*EXERCISE*
Pictures in the entries below are excluded; copy only the lines from the one containing "Bild 29 von" to the one containing "腐女子彼女漫画韩漫全集-[第", both included.

_ _ _ _

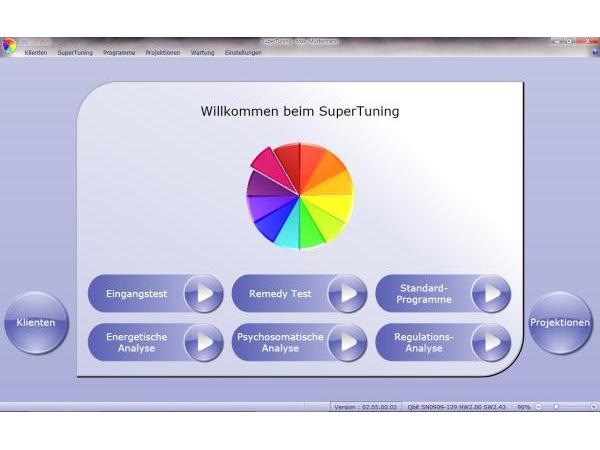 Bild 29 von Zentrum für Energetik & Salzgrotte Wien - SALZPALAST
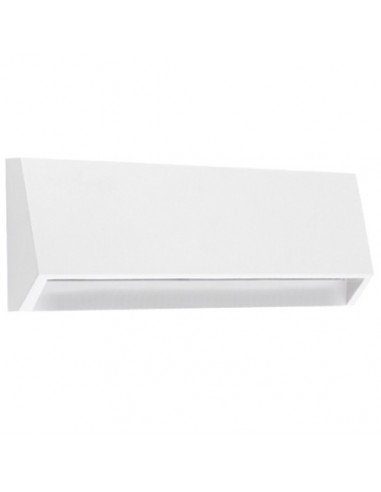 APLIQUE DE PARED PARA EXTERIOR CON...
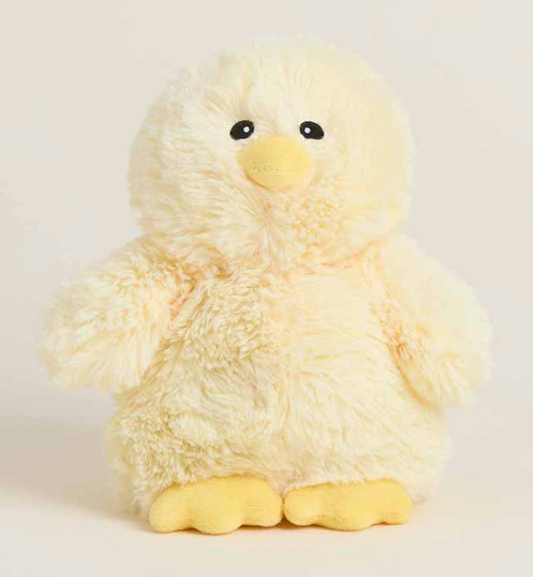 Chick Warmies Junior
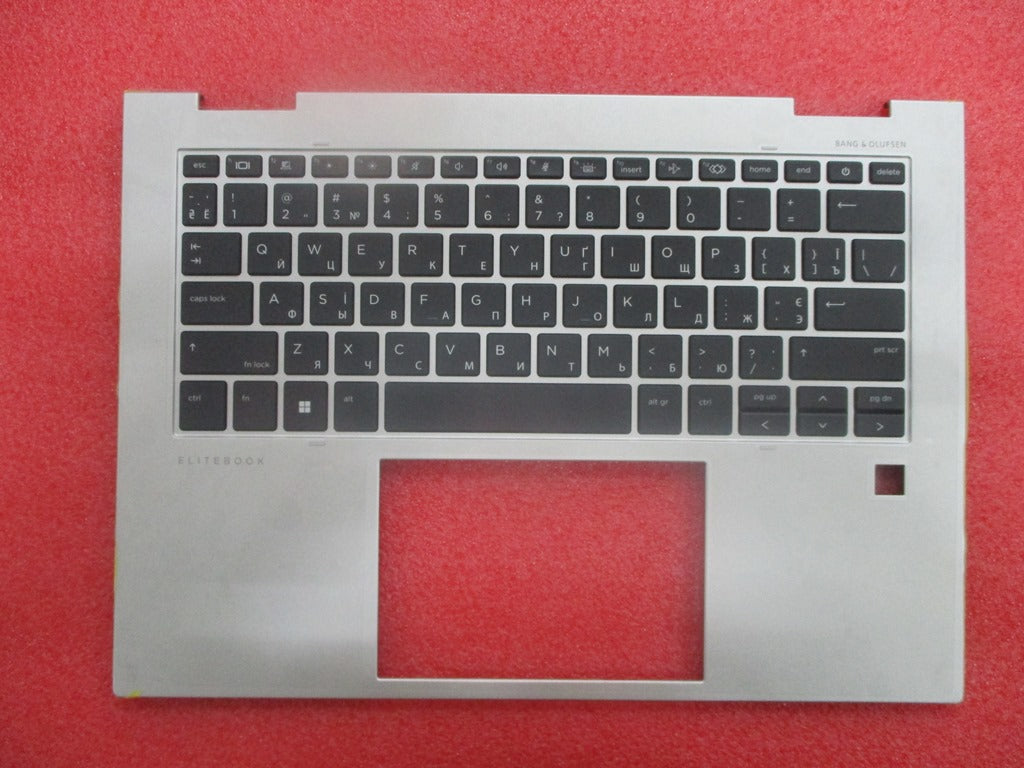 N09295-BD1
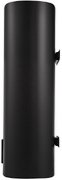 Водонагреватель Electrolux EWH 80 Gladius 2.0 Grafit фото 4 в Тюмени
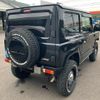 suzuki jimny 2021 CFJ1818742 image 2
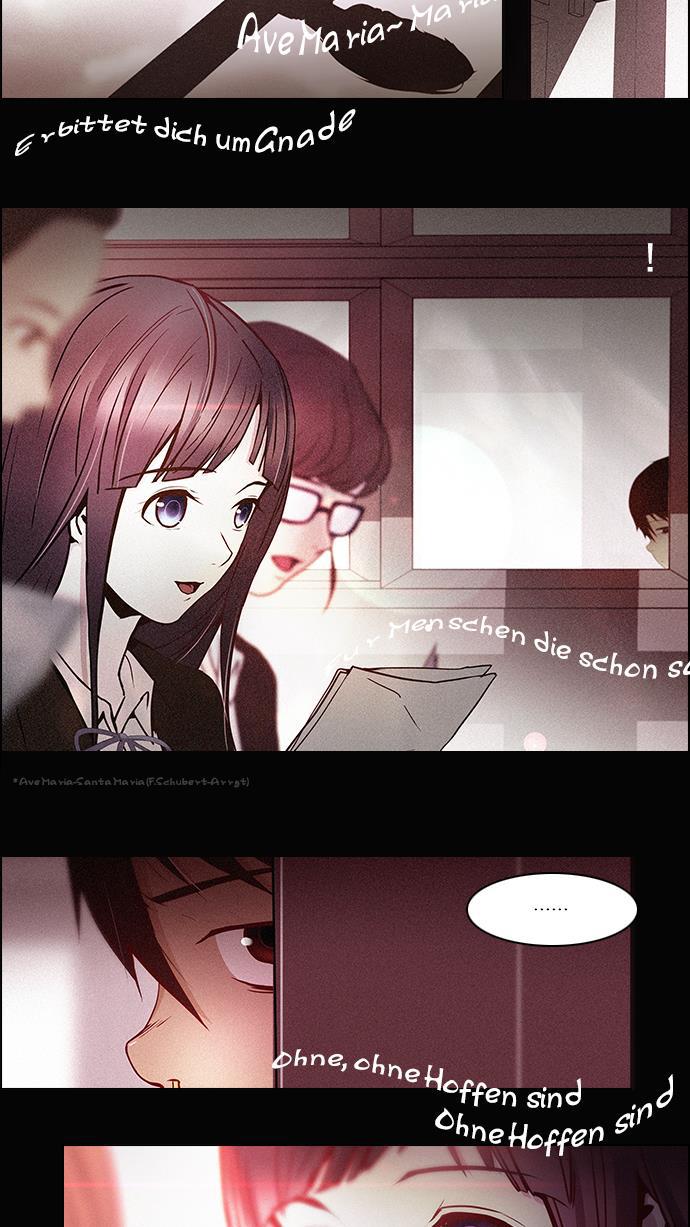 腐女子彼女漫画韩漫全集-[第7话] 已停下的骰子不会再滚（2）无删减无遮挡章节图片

_ _ _ _

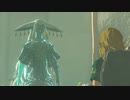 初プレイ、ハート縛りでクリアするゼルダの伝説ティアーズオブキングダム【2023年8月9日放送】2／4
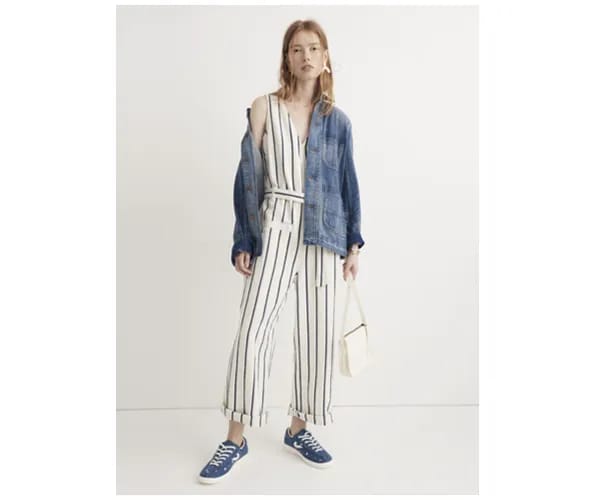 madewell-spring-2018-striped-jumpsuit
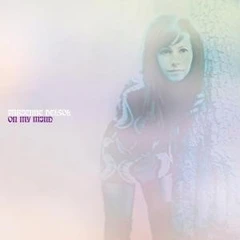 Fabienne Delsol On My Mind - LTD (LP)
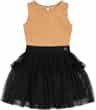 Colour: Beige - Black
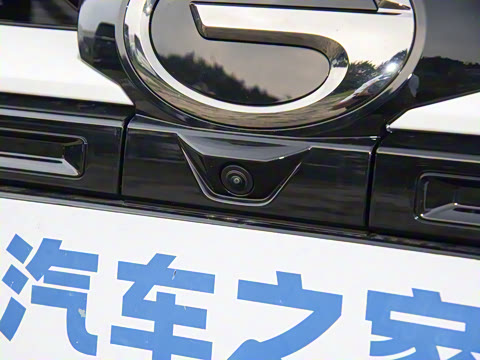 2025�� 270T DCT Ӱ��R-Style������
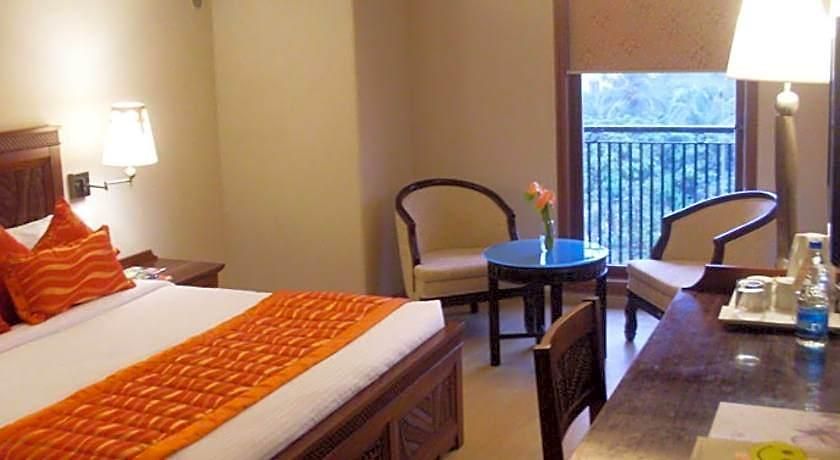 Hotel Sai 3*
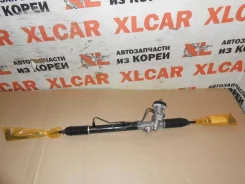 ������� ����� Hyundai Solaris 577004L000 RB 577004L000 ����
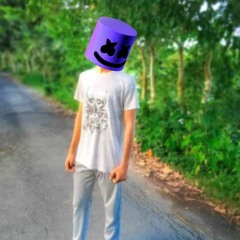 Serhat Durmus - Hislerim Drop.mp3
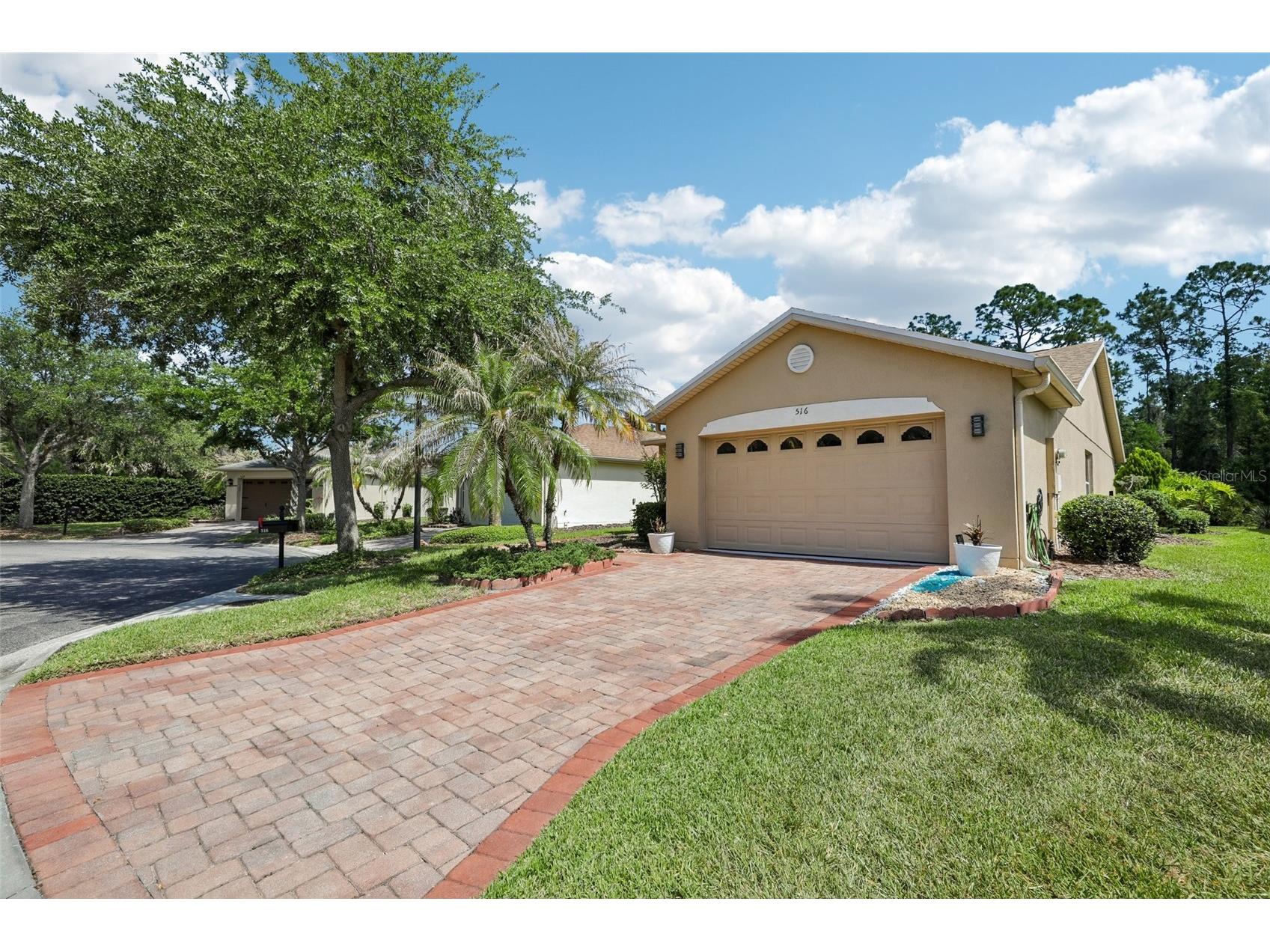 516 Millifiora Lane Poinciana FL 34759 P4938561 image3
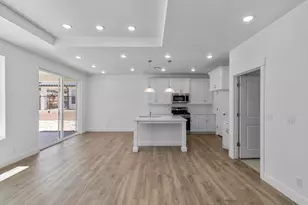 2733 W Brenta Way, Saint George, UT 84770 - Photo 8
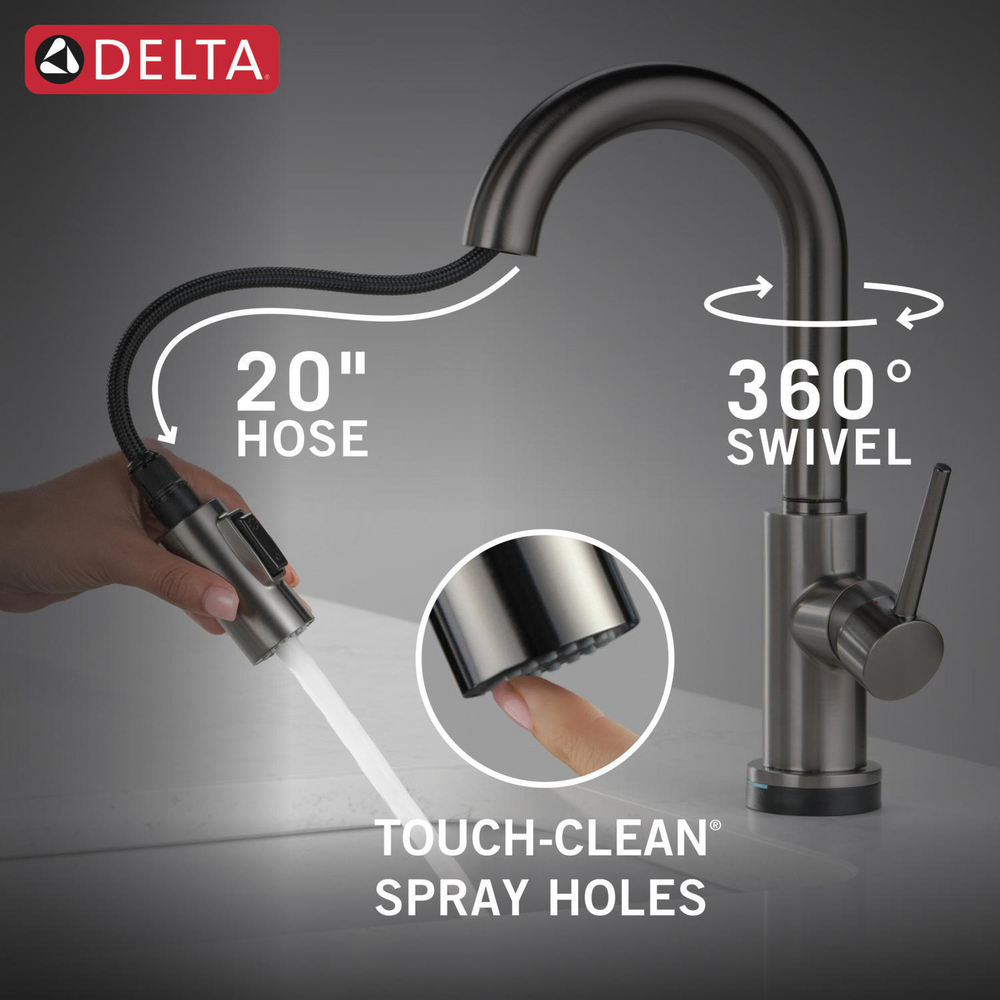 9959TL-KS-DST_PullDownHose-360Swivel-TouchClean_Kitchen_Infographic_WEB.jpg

_ _ _ _

*EXERCISE RESPONSE*
 Bild 29 von Zentrum für Energetik & Salzgrotte Wien - SALZPALAST
 APLIQUE DE PARED PARA EXTERIOR CON...
 Chick Warmies Junior
 N09295-BD1
 Водонагреватель Electrolux EWH 80 Gladius 2.0 Grafit фото 4 в Тюмени
 suzuki jimny 2021 CFJ1818742 image 2
 腐女子彼女漫画韩漫全集-[第7话] 已停下的骰子不会再滚（2）无删减无遮挡章节图片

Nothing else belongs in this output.